When Jesus' movement got underway following the remarkable event of Easter, the movement called itself "The Way." No doubt it comes from Isaiah 40:3 'prepare the way of the Lord in the wilderness, prepare the way of the Lord' and that's what they were doing. John the Baptist had appealed to that very verse in his ministry. In fact, we even find it in one of the Dead Sea scrolls, in one of the very important books from Qumran. They understood themselves as "the way" as foretold in Isaiah 40. We see that reference several times in the book of Acts - so if you wanted to refer to Christians during the early Christian movement you referred to "those who belong to The Way."
But, at Antioch people started calling them Christians. What's interesting is that Antioch was north of Israel - modern day Lebanon - and it was outsiders who started calling them Christianoi (Kris-T-ah-noy). That doesn't really separate Christians from Jews or Judaism anymore than being called a Pharisee meant you are no longer a Jew or a Sadducee or an Essene. So Christianity being given a name meant "within the community of Israel among the Jewish people, the followers of Jesus - who was regarded as the Christ, the Messiah - are now called Messianists or in Greek Christianoi.

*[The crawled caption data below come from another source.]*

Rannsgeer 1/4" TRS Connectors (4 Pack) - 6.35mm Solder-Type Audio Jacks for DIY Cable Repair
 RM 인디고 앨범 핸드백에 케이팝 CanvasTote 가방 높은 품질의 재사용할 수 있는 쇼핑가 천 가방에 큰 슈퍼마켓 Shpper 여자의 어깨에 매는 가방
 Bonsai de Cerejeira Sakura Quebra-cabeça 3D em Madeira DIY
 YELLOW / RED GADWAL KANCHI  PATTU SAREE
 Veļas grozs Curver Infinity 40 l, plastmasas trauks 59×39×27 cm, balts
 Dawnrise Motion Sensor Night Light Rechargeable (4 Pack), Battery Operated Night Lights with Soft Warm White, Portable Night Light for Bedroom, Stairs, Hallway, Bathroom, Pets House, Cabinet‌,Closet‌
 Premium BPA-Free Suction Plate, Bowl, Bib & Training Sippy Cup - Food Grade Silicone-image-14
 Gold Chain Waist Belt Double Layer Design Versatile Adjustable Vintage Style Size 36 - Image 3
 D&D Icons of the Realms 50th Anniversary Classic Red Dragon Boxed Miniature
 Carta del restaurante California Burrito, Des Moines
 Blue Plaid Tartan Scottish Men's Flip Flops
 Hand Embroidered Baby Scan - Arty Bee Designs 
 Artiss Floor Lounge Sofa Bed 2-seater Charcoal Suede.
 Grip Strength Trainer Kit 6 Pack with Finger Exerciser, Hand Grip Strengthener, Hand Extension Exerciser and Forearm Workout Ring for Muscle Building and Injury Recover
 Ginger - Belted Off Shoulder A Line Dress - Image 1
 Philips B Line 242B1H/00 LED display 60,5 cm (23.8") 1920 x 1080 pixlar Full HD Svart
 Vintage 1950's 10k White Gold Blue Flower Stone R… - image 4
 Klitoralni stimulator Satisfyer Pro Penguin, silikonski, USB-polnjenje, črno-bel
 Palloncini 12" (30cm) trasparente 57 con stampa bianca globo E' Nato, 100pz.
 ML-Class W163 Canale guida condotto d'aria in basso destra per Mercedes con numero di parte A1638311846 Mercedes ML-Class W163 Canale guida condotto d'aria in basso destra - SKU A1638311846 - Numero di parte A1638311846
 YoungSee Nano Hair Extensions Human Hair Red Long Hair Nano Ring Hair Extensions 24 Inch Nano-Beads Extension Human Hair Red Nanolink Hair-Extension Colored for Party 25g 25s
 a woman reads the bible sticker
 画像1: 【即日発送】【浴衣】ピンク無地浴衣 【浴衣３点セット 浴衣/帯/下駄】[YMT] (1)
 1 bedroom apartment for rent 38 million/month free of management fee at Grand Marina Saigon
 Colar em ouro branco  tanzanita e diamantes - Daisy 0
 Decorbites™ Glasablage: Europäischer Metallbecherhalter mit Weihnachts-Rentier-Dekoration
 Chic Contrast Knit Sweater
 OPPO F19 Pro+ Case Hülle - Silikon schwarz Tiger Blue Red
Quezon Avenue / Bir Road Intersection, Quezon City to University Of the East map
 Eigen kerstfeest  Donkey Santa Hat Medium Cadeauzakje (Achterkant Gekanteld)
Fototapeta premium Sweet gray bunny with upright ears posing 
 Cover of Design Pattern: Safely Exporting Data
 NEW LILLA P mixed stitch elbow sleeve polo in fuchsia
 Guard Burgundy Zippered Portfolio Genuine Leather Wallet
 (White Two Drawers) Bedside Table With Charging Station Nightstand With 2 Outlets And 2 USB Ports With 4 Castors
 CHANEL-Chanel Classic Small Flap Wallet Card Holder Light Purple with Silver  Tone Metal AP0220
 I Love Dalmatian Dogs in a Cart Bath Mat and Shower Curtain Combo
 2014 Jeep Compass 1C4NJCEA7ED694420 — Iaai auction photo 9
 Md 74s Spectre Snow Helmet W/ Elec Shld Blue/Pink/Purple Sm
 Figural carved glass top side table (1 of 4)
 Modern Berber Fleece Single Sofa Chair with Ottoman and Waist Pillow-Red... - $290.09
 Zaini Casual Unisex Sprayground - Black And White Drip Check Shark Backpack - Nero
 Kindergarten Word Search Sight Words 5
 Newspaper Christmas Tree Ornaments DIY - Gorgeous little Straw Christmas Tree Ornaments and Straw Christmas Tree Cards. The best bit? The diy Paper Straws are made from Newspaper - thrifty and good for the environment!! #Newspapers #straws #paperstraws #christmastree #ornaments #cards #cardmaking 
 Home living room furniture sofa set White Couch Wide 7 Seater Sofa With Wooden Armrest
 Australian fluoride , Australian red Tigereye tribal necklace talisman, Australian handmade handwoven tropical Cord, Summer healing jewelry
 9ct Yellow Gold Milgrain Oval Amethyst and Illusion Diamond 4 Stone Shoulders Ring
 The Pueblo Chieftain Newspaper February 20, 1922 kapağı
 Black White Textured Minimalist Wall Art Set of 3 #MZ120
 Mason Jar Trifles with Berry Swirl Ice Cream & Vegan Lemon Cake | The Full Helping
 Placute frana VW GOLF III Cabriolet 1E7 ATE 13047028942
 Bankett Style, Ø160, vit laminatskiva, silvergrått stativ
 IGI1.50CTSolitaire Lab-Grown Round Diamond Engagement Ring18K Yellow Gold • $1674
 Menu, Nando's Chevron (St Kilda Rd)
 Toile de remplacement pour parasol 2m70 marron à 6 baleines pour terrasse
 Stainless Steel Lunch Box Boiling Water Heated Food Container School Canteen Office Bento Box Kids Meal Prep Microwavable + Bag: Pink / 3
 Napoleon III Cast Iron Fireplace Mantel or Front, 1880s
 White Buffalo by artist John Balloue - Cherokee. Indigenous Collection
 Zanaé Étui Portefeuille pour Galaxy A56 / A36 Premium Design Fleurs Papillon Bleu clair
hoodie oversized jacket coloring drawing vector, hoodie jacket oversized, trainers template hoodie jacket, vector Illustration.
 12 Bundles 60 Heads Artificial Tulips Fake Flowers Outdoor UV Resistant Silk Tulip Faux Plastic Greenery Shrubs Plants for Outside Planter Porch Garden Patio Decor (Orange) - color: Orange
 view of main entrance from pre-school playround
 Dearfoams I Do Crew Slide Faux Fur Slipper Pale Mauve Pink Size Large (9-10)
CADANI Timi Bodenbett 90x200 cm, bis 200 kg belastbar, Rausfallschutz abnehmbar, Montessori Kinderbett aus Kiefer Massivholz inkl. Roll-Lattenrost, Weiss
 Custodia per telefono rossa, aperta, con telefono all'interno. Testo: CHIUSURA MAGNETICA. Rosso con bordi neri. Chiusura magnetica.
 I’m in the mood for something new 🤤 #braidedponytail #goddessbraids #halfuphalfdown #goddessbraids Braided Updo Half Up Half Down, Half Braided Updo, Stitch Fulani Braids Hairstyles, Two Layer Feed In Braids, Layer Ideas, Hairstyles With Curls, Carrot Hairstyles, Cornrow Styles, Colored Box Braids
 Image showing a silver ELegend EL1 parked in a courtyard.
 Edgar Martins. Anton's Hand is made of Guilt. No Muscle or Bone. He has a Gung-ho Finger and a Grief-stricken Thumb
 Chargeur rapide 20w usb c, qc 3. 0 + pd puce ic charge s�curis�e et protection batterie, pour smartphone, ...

So that's where the name came from - so even then - well into the book of Acts, decades into the history of the church - the name Christian really meant a Jewish group that is fascinated with and centered on Jesus of Nazareth who is regarded as the Messiah or in Greek, the Christ, the anointed one.
So the name Christian - even in the first century - did not mean non-Jewish. To be a Christian in the first century nobody would think, "Oh! He's a Christian - that's strange - I thought he was a Jew - I guess he's not a Jew anymore." Nobody thought that way. To be a Christian was to be a Jew.
I don't know about you but I love understanding the origin of things, especially our Christian roots.